• _ASSIGNMENT_
Copy the records below word for word, from the first line through the line that contains "Front of property", and leave out any pictures.

• _SUPPLIED ENTRIES_

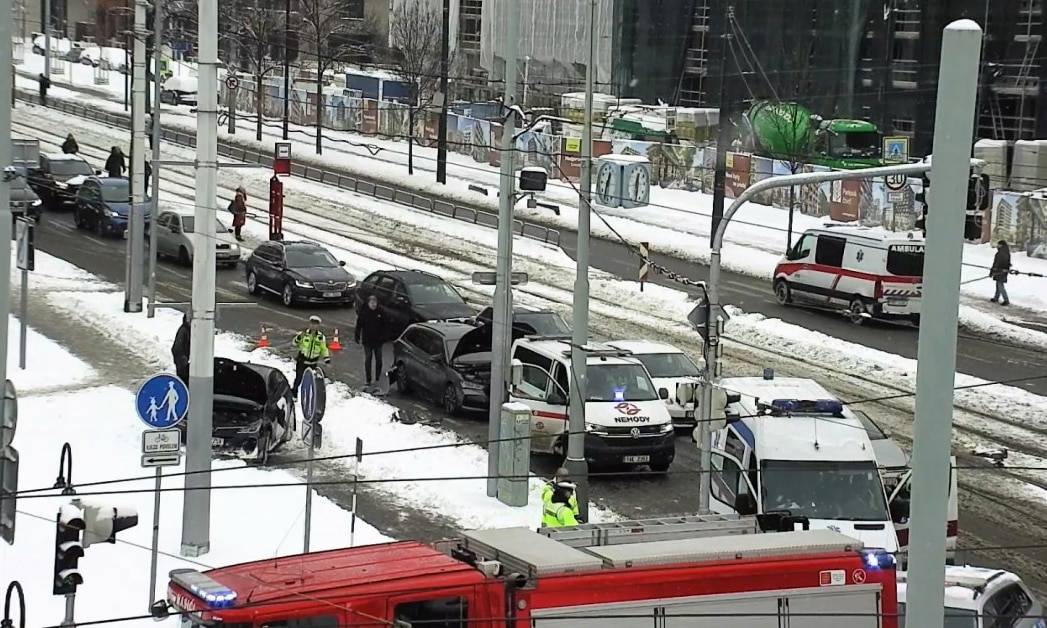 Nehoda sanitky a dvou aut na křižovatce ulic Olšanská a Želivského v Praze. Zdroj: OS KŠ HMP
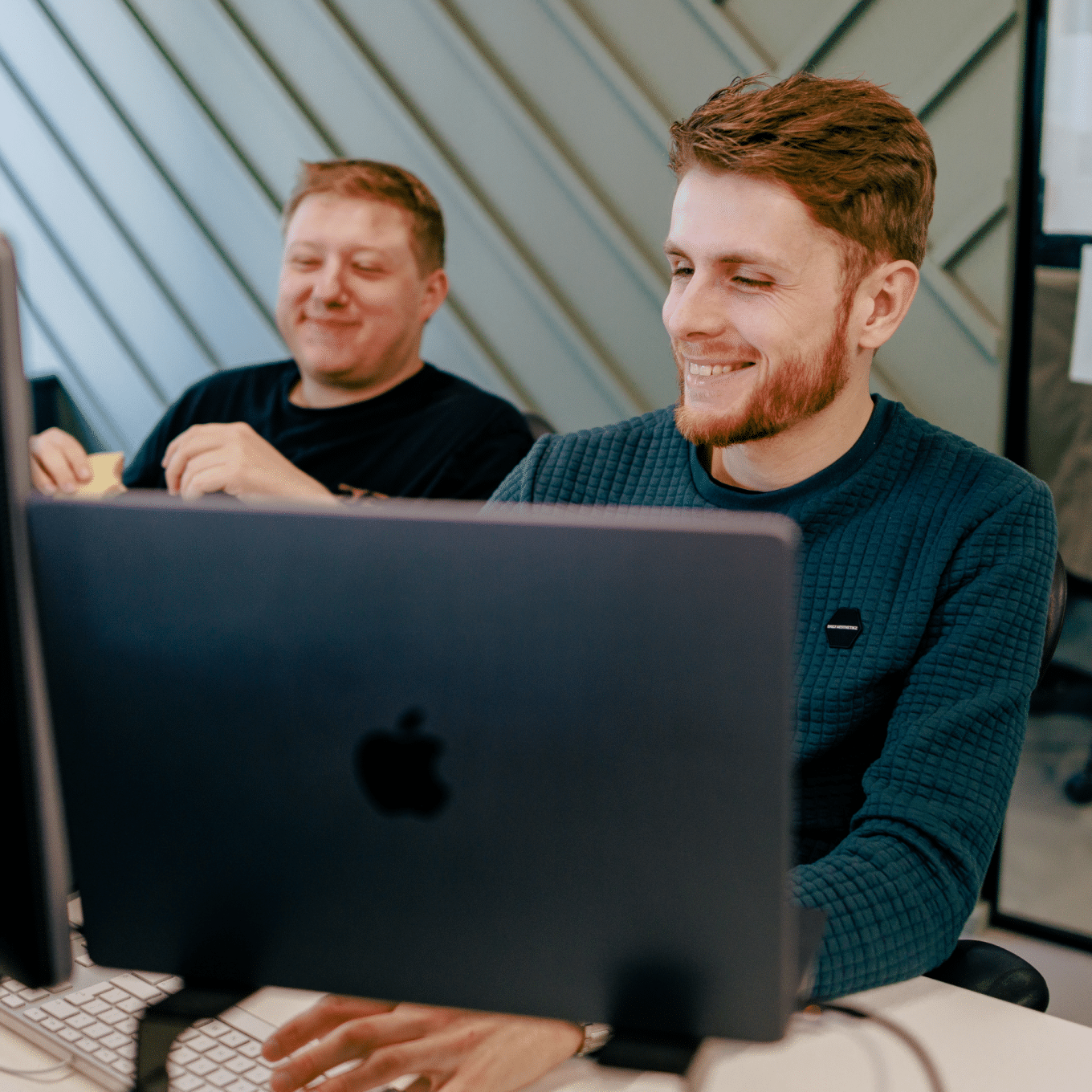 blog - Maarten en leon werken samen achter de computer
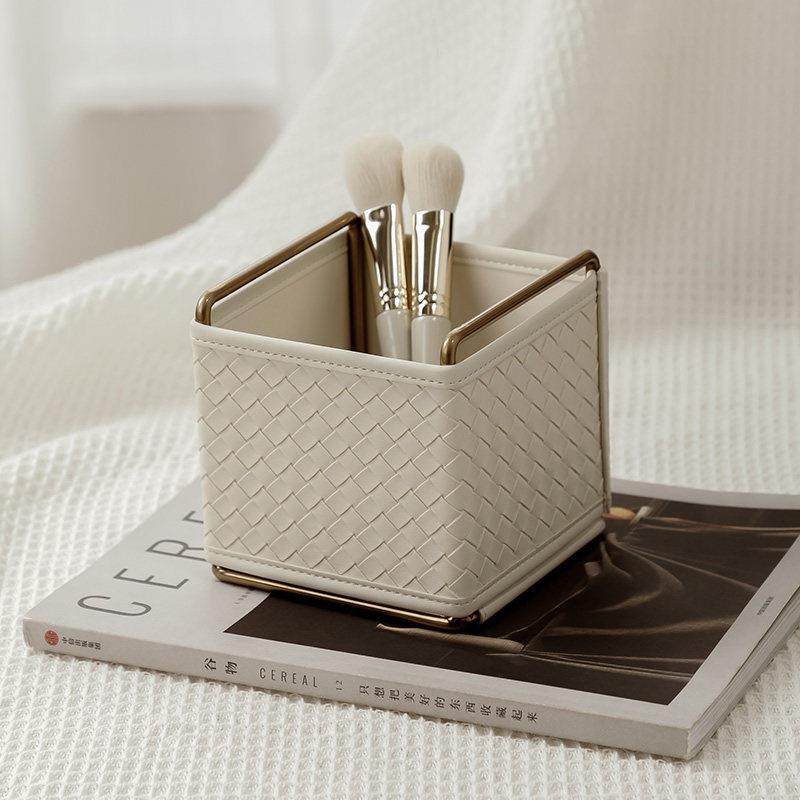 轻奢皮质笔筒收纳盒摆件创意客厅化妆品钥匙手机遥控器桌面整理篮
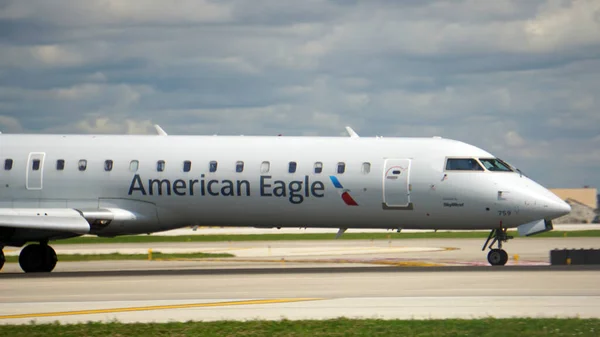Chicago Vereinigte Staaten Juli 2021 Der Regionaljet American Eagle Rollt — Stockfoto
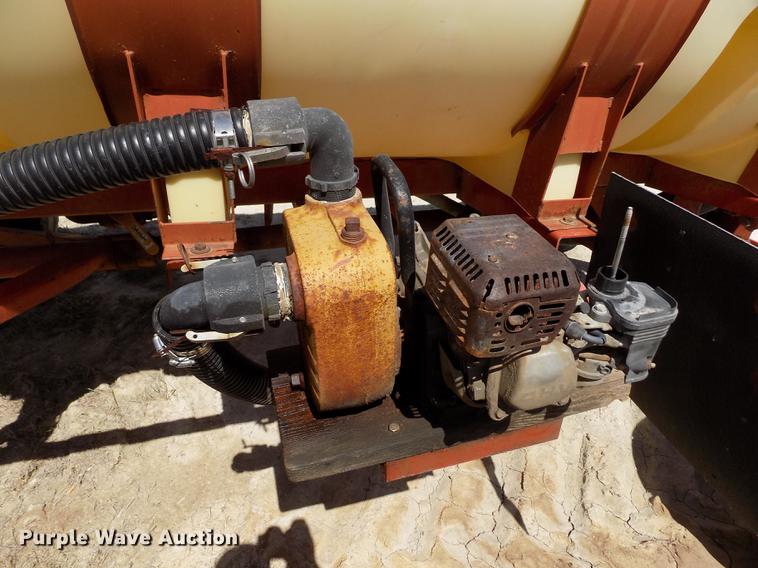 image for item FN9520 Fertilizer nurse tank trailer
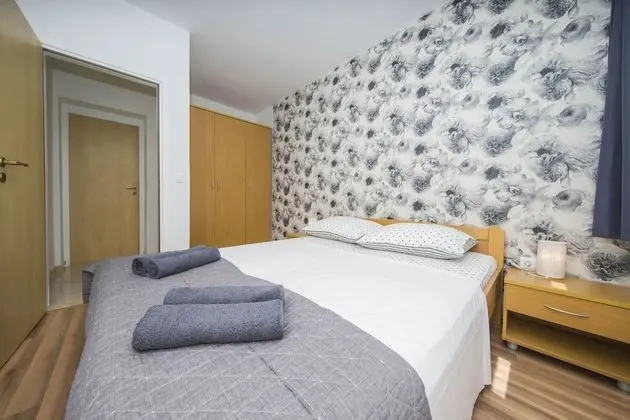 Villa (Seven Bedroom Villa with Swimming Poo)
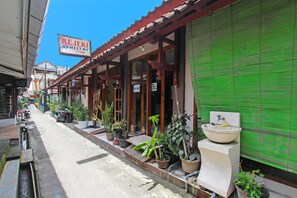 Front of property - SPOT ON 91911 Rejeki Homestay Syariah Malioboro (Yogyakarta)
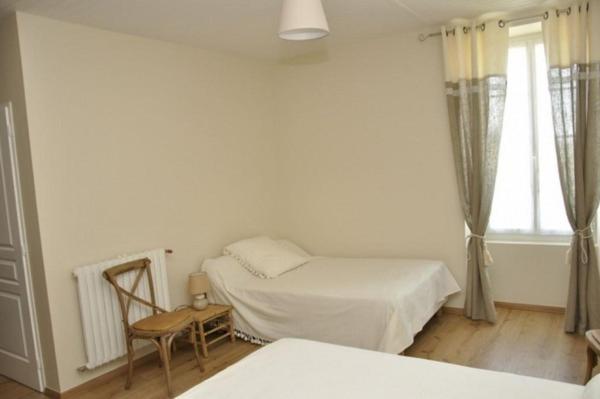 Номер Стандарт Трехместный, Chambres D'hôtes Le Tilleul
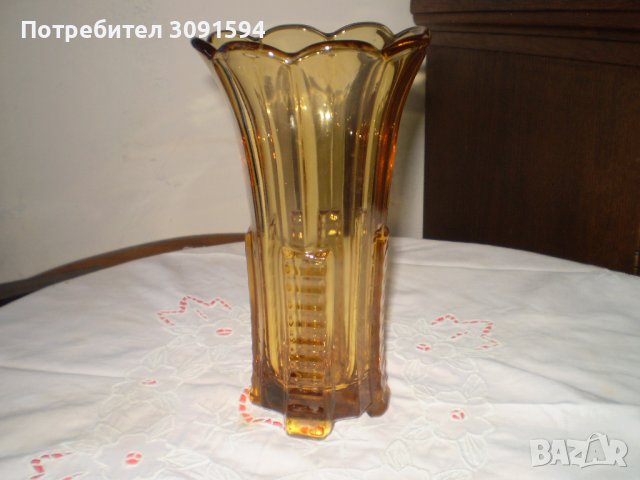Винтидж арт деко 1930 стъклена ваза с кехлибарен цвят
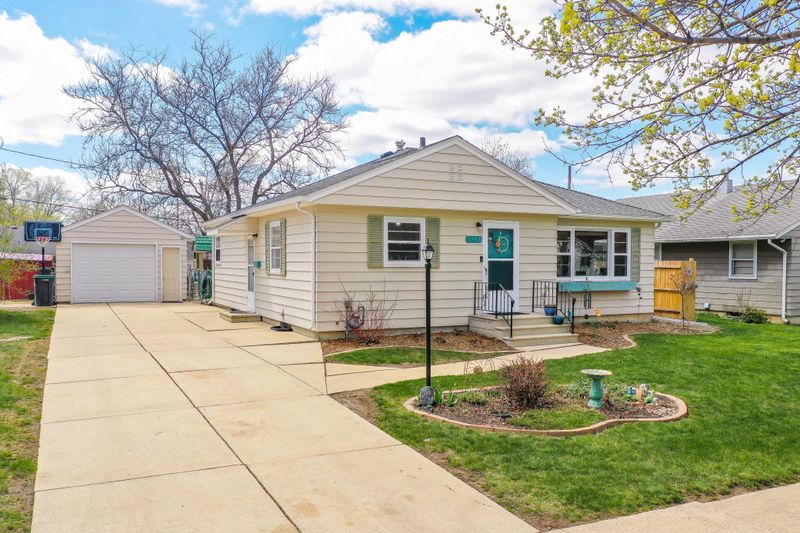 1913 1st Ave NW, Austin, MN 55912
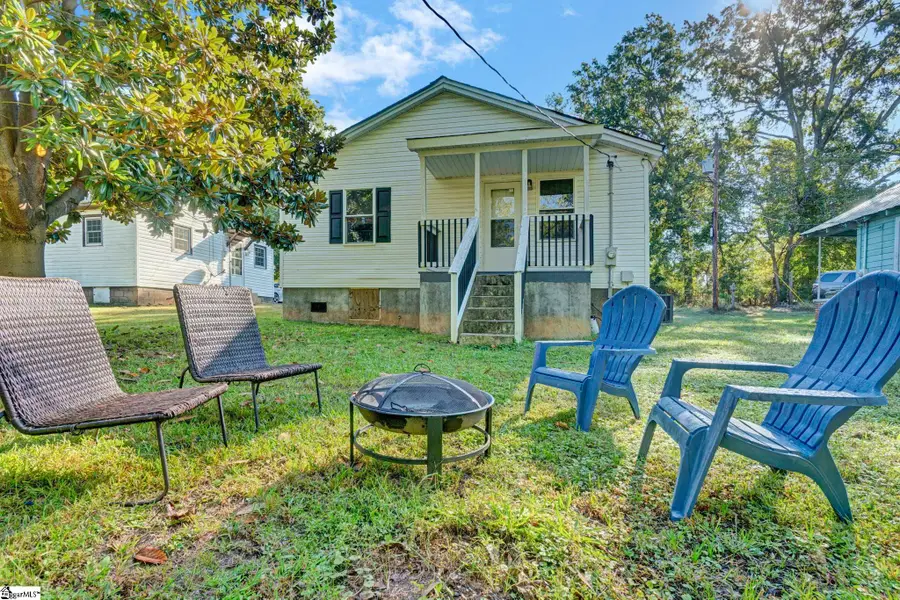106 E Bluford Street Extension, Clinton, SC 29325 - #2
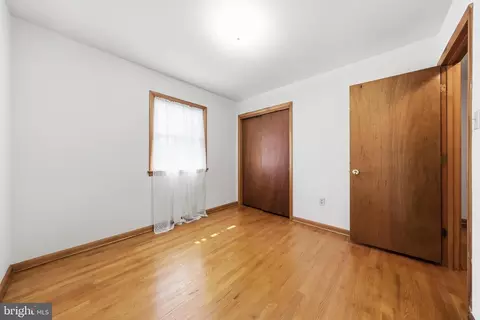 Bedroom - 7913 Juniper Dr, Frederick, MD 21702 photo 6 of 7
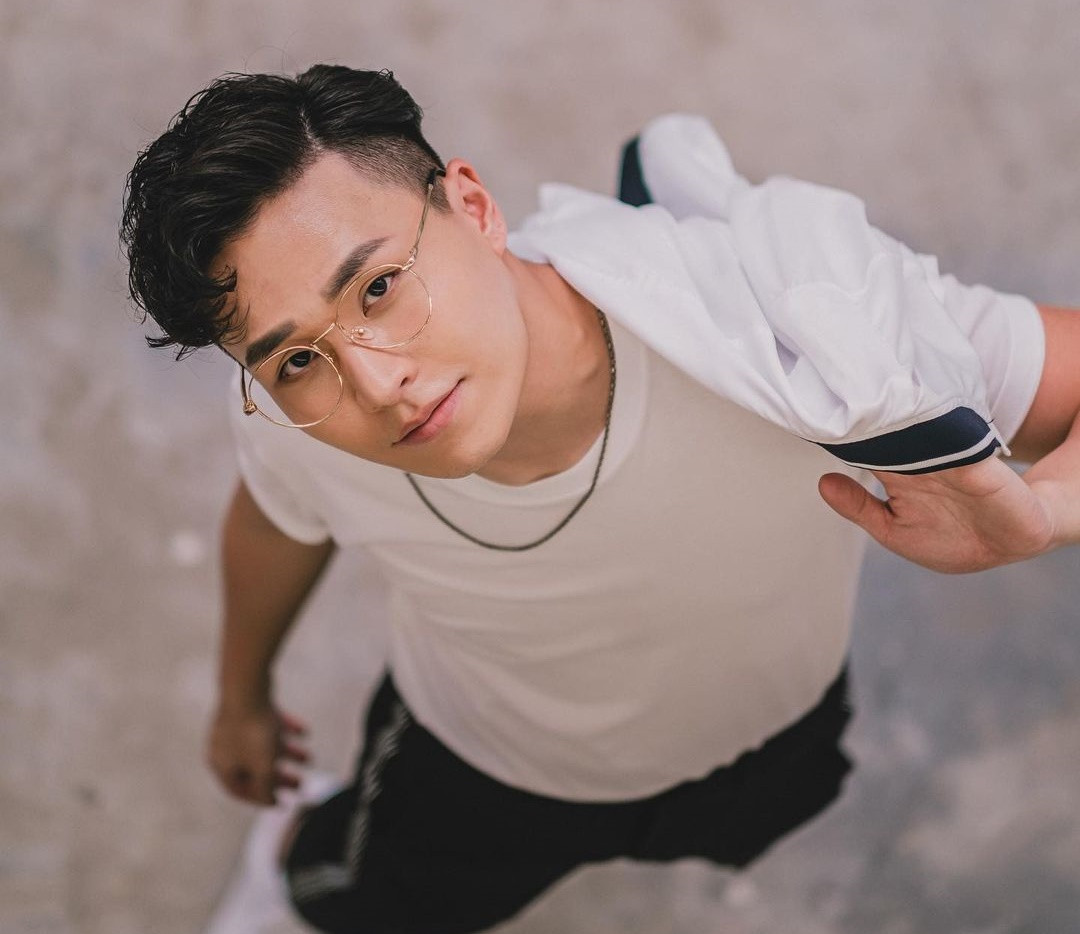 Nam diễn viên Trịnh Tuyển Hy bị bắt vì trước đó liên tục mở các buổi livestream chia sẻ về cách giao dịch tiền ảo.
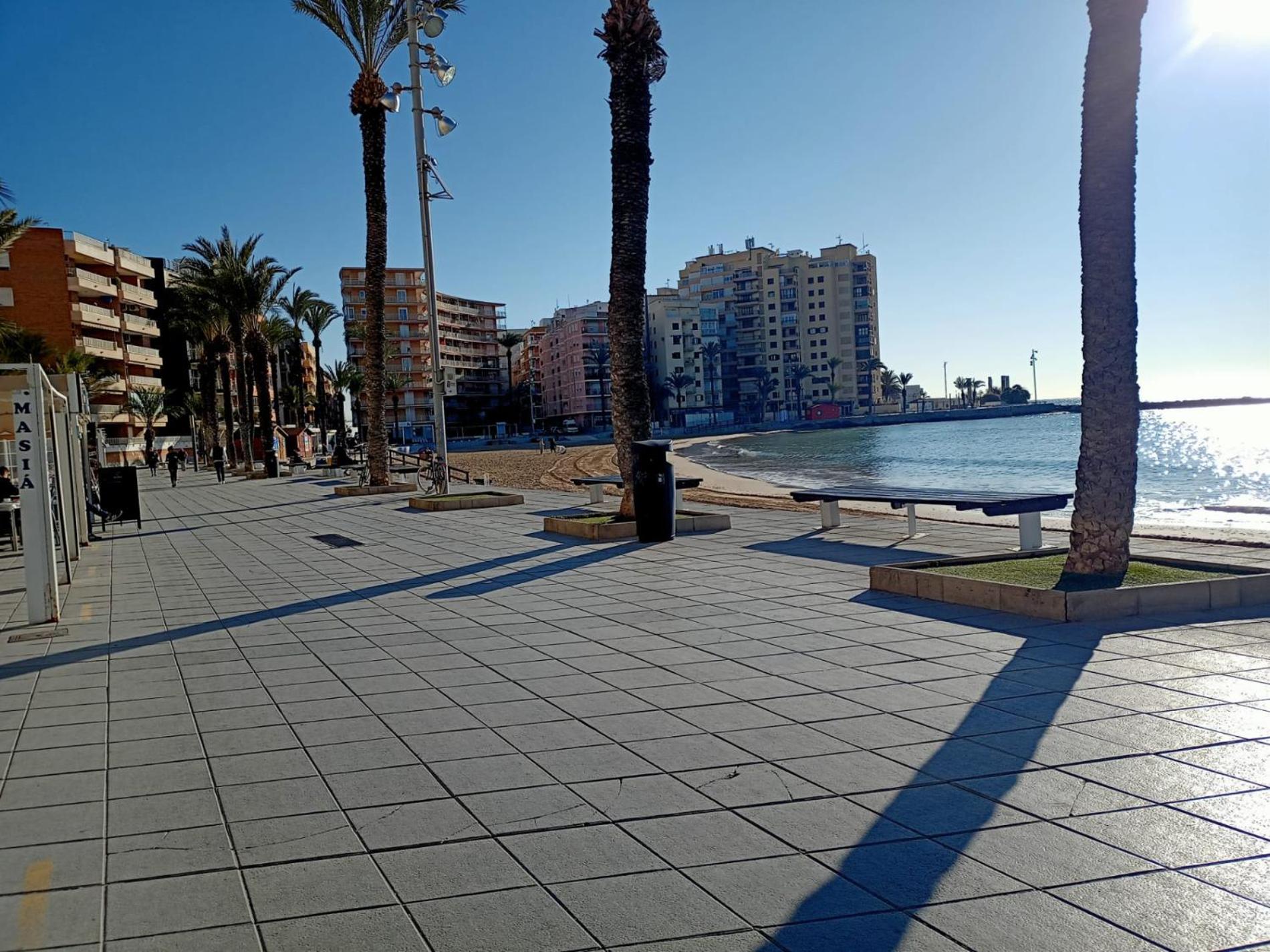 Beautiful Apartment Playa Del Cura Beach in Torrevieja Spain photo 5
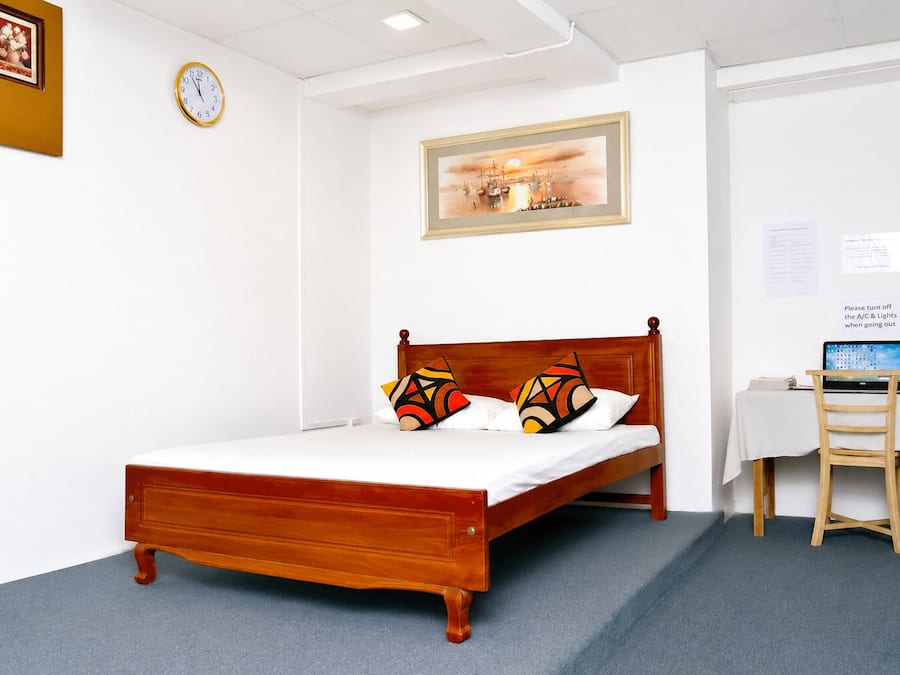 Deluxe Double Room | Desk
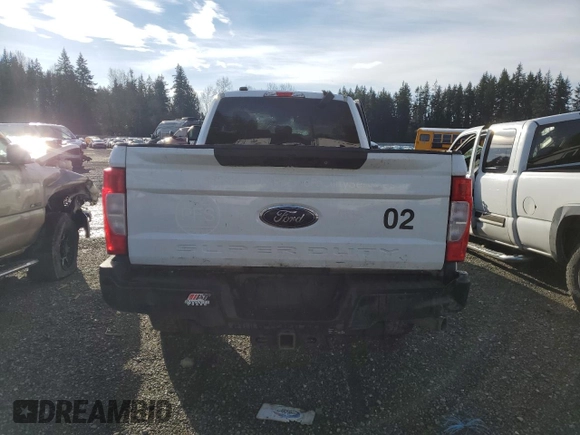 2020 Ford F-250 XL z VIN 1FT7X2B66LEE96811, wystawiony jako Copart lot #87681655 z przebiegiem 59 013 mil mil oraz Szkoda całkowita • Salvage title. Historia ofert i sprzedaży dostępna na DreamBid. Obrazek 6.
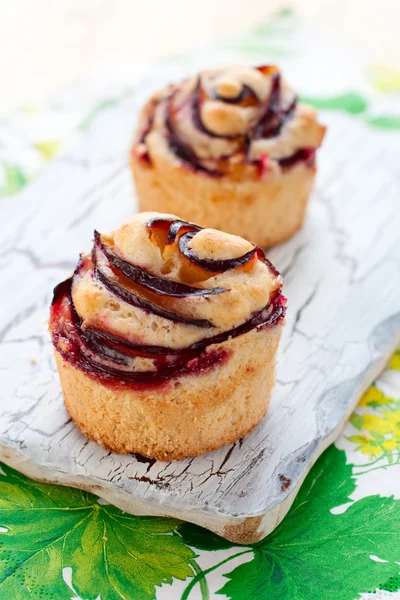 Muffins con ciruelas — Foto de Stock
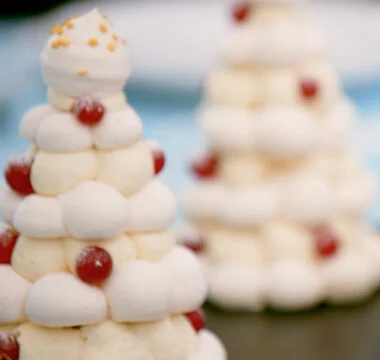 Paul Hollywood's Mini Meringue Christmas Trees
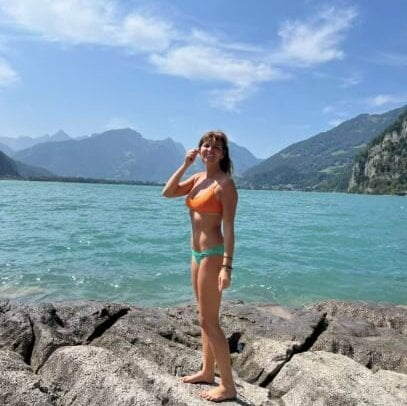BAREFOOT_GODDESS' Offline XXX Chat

• _RESPONSE TO THE TASK_
 Nehoda sanitky a dvou aut na křižovatce ulic Olšanská a Želivského v Praze. Zdroj: OS KŠ HMP
 blog - Maarten en leon werken samen achter de computer
 轻奢皮质笔筒收纳盒摆件创意客厅化妆品钥匙手机遥控器桌面整理篮
Chicago Vereinigte Staaten Juli 2021 Der Regionaljet American Eagle Rollt — Stockfoto
 image for item FN9520 Fertilizer nurse tank trailer
 Villa (Seven Bedroom Villa with Swimming Poo)
 Front of property - SPOT ON 91911 Rejeki Homestay Syariah Malioboro (Yogyakarta)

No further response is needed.